General characteristics
- Class & type: Farragut-class guided missile destroyer
- Displacement: 5,800 tons
- Length: 512.5 ft (156.2 m)
- Beam: 52 ft (16 m)
- Draft: 25 ft (7.6 m)
- Propulsion: 4 x 1200psi boilers; 2 geared turbines;
- Speed: 36.5 knots (67.6 km/h; 42.0 mph)
- Range: 4,500 nautical miles (8,300 km; 5,200 mi) at 20 knots (37 km/h; 23 mph)
- Complement: 377 (21 officers + 356 enlisted)
- Armament: 1 x Mk 42 5 in (130 mm)/54 caliber gun; Mark 46 torpedoes from two Mk-32 triple mounts; 1 x Mk 16 ASROC missile launcher; 1 x Mk 10 Mod 0 missile launcher for Standard Missile; 2 x Mk 141 Harpoon missile launchers;

= USS William V. Pratt =

USS William V. Pratt (DLG-13/DDG-44) was a destroyer in the service of the United States Navy. She was commissioned in 1961 as DLG-13 and reclassified as a guided missile destroyer, designation DDG-44, in 1975. She was named to honor Admiral William Veazie Pratt, a President of the Naval War College and a Chief of Naval Operations.

==History==

William V. Pratt (DLG-13) was laid down on 7 March 1958 by the Philadelphia Naval Shipyard; launched on 16 March 1960, sponsored by Mrs. William V. Pratt; and commissioned on 4 November 1961.

Following shakedown training in the West Indies and post-shakedown availability at Philadelphia, William V. Pratt joined Destroyer Squadron (DesRon) 18 as an active unit of the fleet in September 1962. Operating out of Naval Station Norfolk, Virginia, she cruised the Atlantic seaboard and the West Indies until 4 August 1963 at which time she departed Norfolk to participate in NATO exercise Operation Riptide IV, in European waters. She returned to Norfolk in September and resumed normal 2nd Fleet operations. That employment continued until 8 February 1964 when she embarked upon her first tour of duty with the 6th Fleet in the Mediterranean Sea. She returned to Norfolk on 9 August and once again took up her East Coast-West Indies routine. In September and October, she visited European waters again to participate in two NATO exercises, Operations Masterstroke and Teamwork. The warship returned to Norfolk on 20 October and resumed 2nd Fleet operations. In November, she began her first shipyard overhaul at Norfolk. She completed repairs on 26 March 1966 and put to sea for trials.

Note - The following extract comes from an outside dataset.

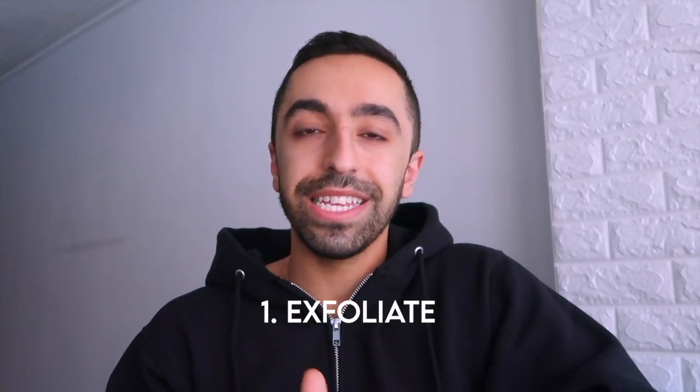Before starting a tan — whether at a salon or self-tanning — you need to exfoliate. For women, this means shaving your legs and other areas. There are similar aspects for men too: if you have a beard like mine, you should shave or at least trim. If you shave right after tanning, you'll get an awkward patchy white area. You should exfoliate at least a day before self-tanning or any kind of tanning, so your body is really smooth.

On 15 April she arrived in her new home port of Naval Station Mayport, Florida. She conducted refresher training in the Guantanamo Bay operating area in May and June and returned to Mayport on 3 July. The warship resumed East Coast operations until 27 August, at which time she deployed to the Mediterranean once again. That four-month deployment ended on 17 December when the guided missile frigate reentered Mayport. For the next six months, William V. Pratt conducted operations out of Mayport. She voyaged twice to the West Indies and once to the Gulf of Mexico. The warship also operated briefly off the Virginia Capes. In July 1966, she deployed to the Mediterranean for the third time in her career. She conducted operations with the 6th Fleet for the next five months, departing the Mediterranean for home on 10 December. She arrived back in Mayport 10 days later.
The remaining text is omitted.